VCS behavior on loss of storage connectivity

When a node loses connectivity to shared storage, input-output operations (I/O) to volumes return errors and the disk group gets disabled. In this situation, VCS must fail the service groups over to another node. This failover is to ensure that applications have access to shared storage. The failover involves deporting disk groups from one node and importing them to another node. However, pending I/Os must complete before the disabled disk group can be deported.

Pending I/Os cannot complete without storage connectivity. When VCS is not configured with I/O fencing and the PanicSystemOnDGLoss attribute of DiskGroup is not configured to panic the system, VCS assumes data is being read from or written to disks and does not declare the DiskGroup resource as offline. This behavior prevents potential data corruption that may be caused by the disk group being imported on two hosts. However, this also means that service groups remain online on a node that does not have storage connectivity and the service groups cannot be failed over unless an administrator intervenes. This affects application availability.

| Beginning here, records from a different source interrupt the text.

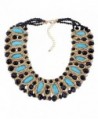 Crystals Beads and The Moon-shape Turquoise Strand Fashion Statement Necklace for Girl & Women - Black - CE183L50TQ2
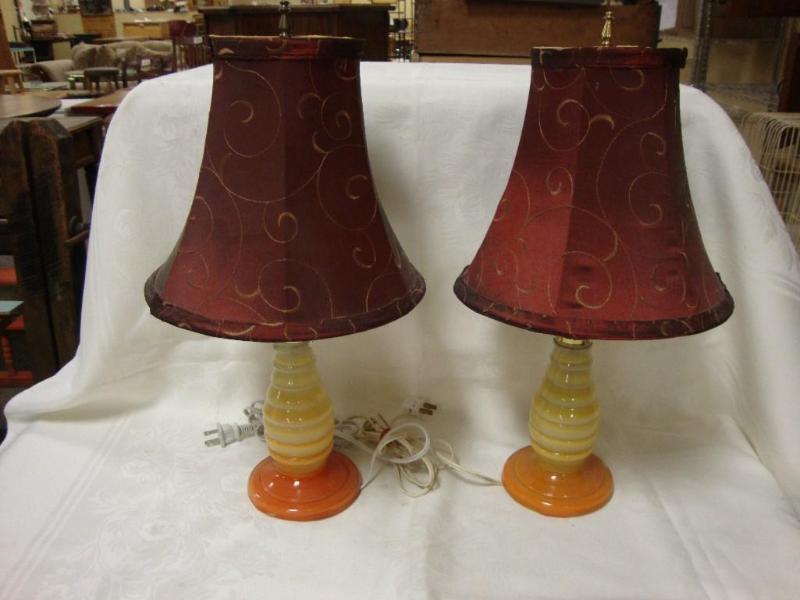 lot 69 image: Set of bedside table lamps - orange...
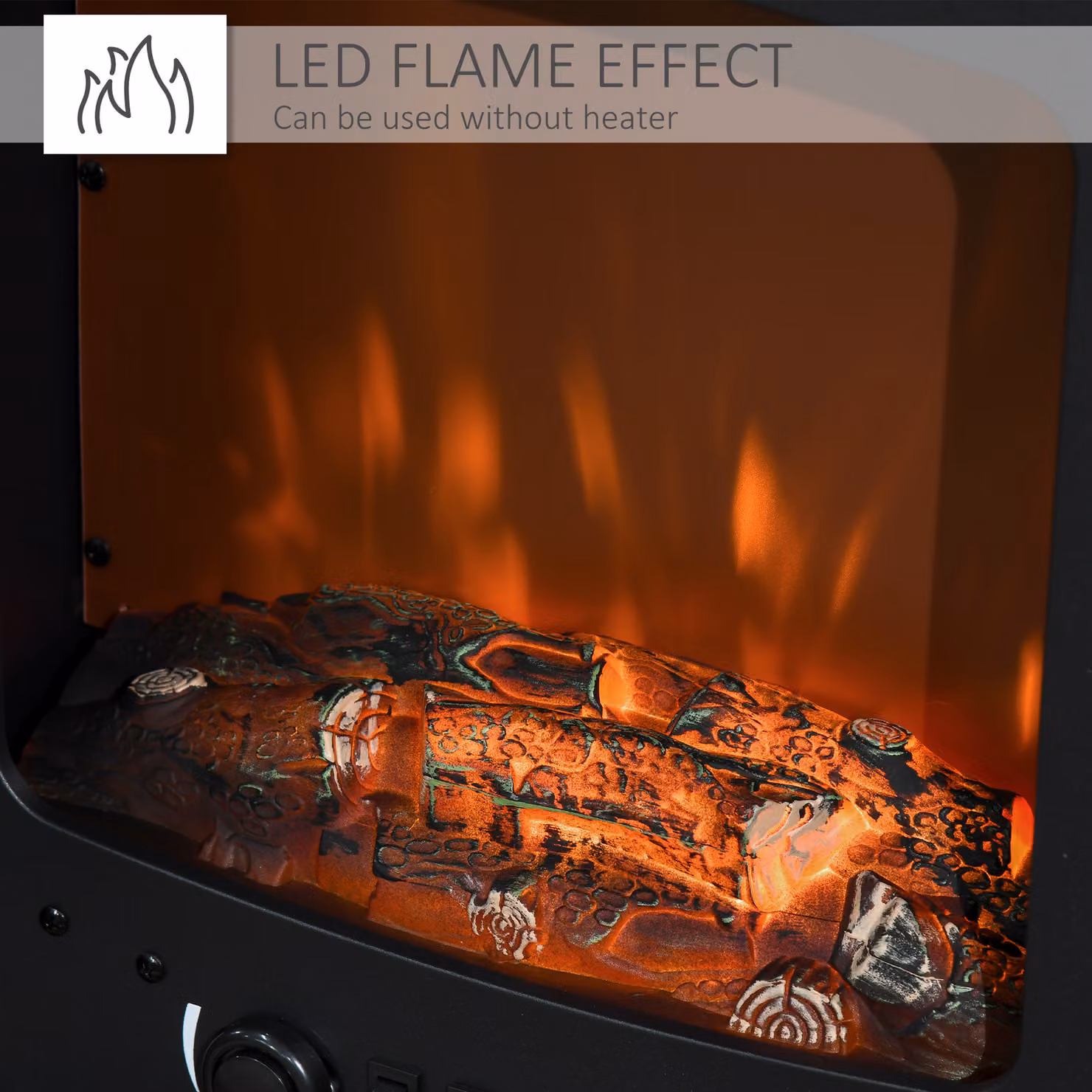 HOMCOM Electric Fireplace Stove with Realistic Flame Effect, Black, 1800W – 4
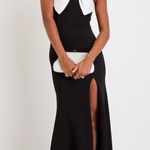 Lulus  Luxurious Outlook Black and White Bow Mermaid Maxi Dress Wedding Size S Photo 0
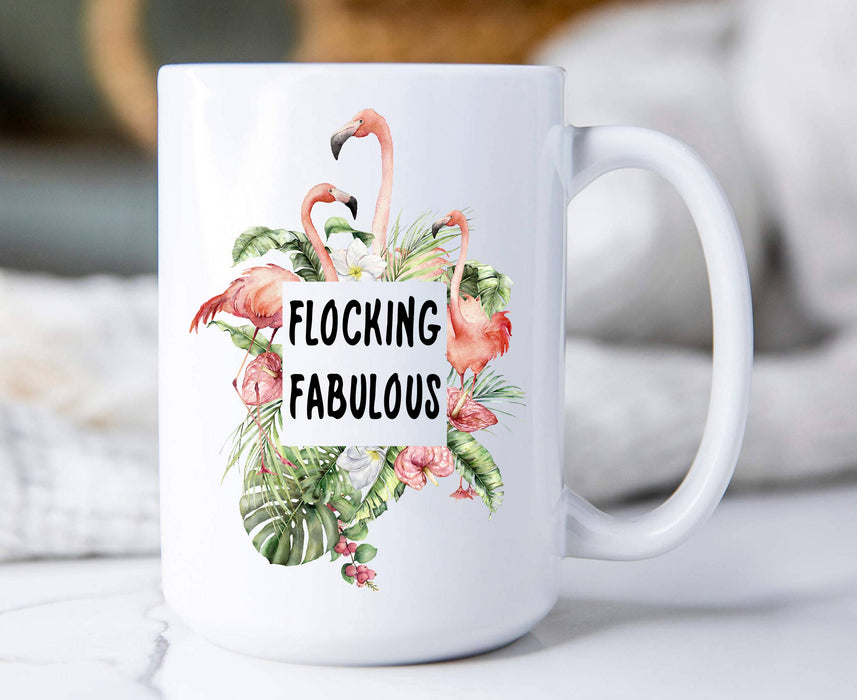 Pink Flamingo Flocking Fabulous Coffee Mugs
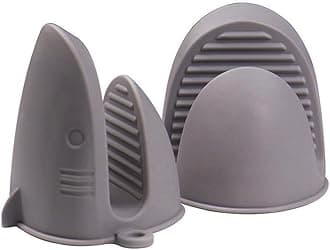 Oven Mitts，Mini Oven Gloves Silicone Heat Resistant Cooking Pinch Mitts Potholder for Air Fryer Kitchen Cooking & Baking (Grey)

Some Fibre Channel (FC) drivers have a configurable parameter called failover, which defines the number of seconds for which the driver retries I/O commands before returning an error. If you set the failover parameter to 0, the FC driver retries I/O infinitely and does not return an error even when storage connectivity is lost. This also causes the Monitor function for the DiskGroup to time out and prevents failover of the service group unless an administrator intervenes.